La bénédiction d’un impie est une sorte de malédiction, car D.ieu ne la réalisera pas volontairement.
Car, par rapport aux Justes, il est dit que D.ieu réalise ce qu’ils décrètent. En revanche, D.ieu réalise l’inverse de la demande des impies, pour bien leur montrer qu’Il n’a aucune affinité avec eux. Ainsi, la bénédiction d’un impie est une sorte de malédiction, car D.ieu ne la réalisera pas volontairement.
Seulement, la bénédiction d’un impie ne peut causer des dommages que dans un cas où D.ieu n’a pas béni avant, comme il en était le cas par rapport au frère de Rebecca.
Mais, si D.ieu a déjà formulé une bénédiction, alors la bénédiction de l’impie qui viendrait par la suite ne peut plus rien changer. Car, les gens ne peuvent plus se tromper. On ne pourra plus dire que c’est la bénédiction de l’impie qui s’est réalisée, car étant déjà béni de D.ieu, on comprendra que c’est plutôt la bénédiction divine qui s’est réalisée.
Il en est de même dans notre Paracha. Balaam savait très bien qu’il était impie et imprégné d’impureté. Il savait qu’il n’était pas apprécié de D.ieu. Surtout, si on considère un enseignement de nos Sages qui dit que Balaam c’est Laban, ou encore un de ses descendants. Et Laban, c’était justement l’un des frères de Rebecca qui a ‘‘béni’’ leur sœur pour avoir une grande descendance.

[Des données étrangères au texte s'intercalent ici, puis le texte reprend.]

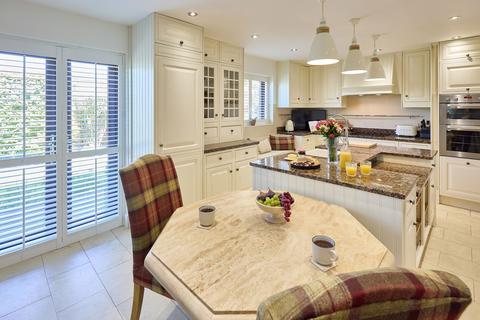 4 bedroom detached house for sale, 1 Princess Drive, West Haddlesey YO8
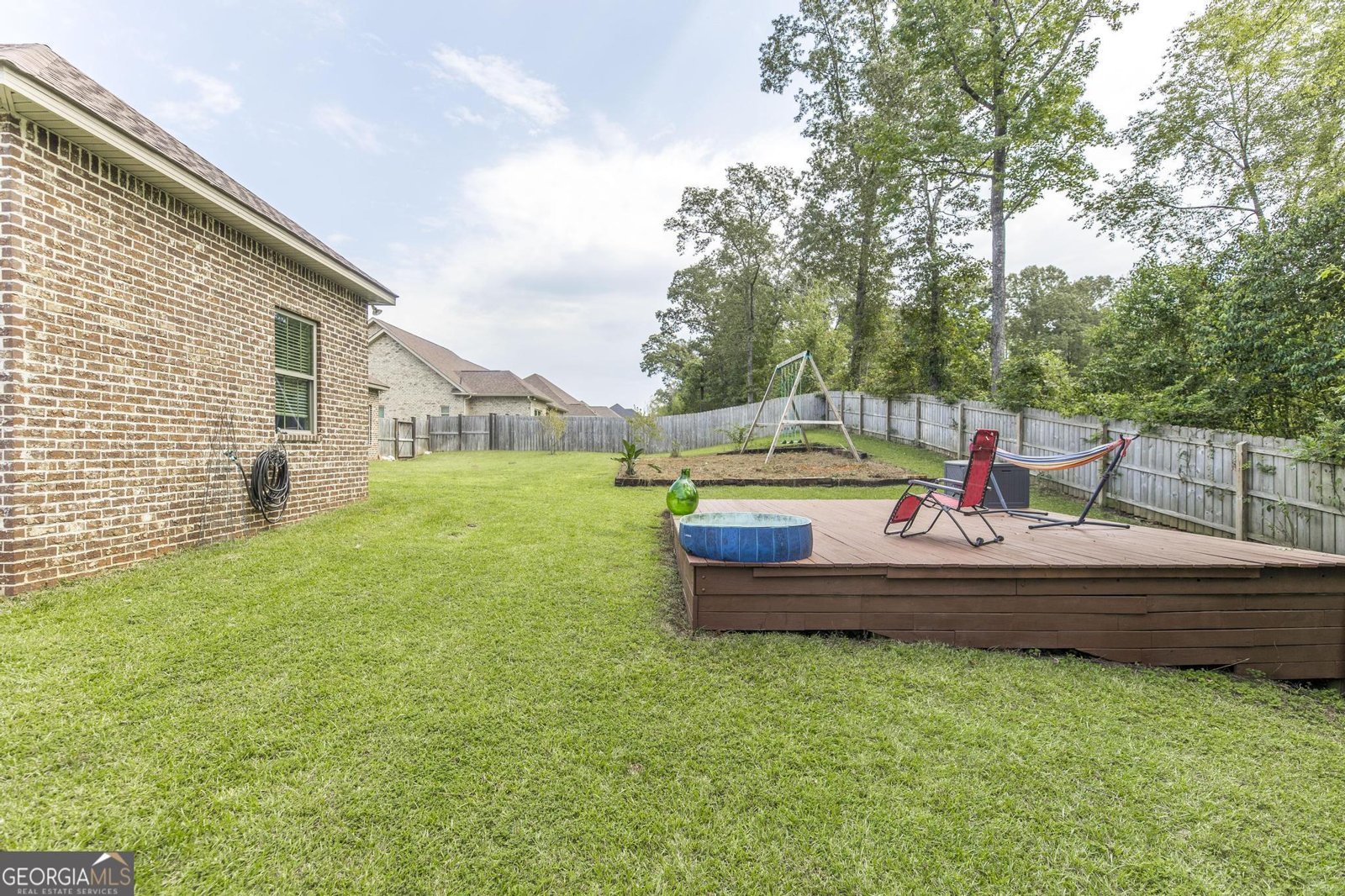 216 Rustic Live Oak Trail Bonaire - 11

Balaam savait donc bien que s’il bénissait Israël, D.ieu ne réaliserait pas ses bénédictions, pour ne pas que l’on croit que ses paroles se sont réalisées. En voyant qu’il ne pouvait pas maudire Israël, il voulut donc les bénir, pouvant être assuré que ces bénédictions ne seront pas fructueuses.
Mais alors, on peut se demander comment Balaam voulait les maudire et comment se fait-il que ses malédictions se réalisent ! Là aussi, pourquoi ne dirait-on pas que D.ieu fera le contraire de ses malédictions, pour ne pas que l’on dise que ses paroles ont de la valeur ?
En fait, c’est parce que, comme on l’a dit, Balaam connaissait le moment précis où D.ieu se met en colère dans la journée. Et à ce moment, la malédiction se réalise de toutes les façons, car c’est un moment qui n’est pas du tout propice. Ses malédictions, prononcées à ce moment là, ont donc quand même leur effet. Mais en tout cas, ne pouvant pas les maudire, car D.ieu le lui a empêché, il voulait au moins les bénir. Car là, il était sûr que ses bénédictions ne se réaliseraient pas.
D.ieu lui répondit alors : « Idiot ! Tu ne feras rien avec tes bénédictions, car le peuple ‘‘est béni’’. Et comme Je l’ai déjà béni avant toi, la nuisance de tes bénédictions est neutralisée. Ainsi, tes bénédictions resteront valables. Mais de toutes les façons, ils n’ont pas besoin de tes bénédictions, car on dit à l’abeille : je ne veux ni de ta piqûre, ni de ton miel ».
Comme malgré tout, Balaam a désobéi et est allé quand même maudire le peuple, D.ieu transforma ses malédictions en bénédictions. Mais ces bénédictions ne sont pas nocives car « le peuple est déjà béni ».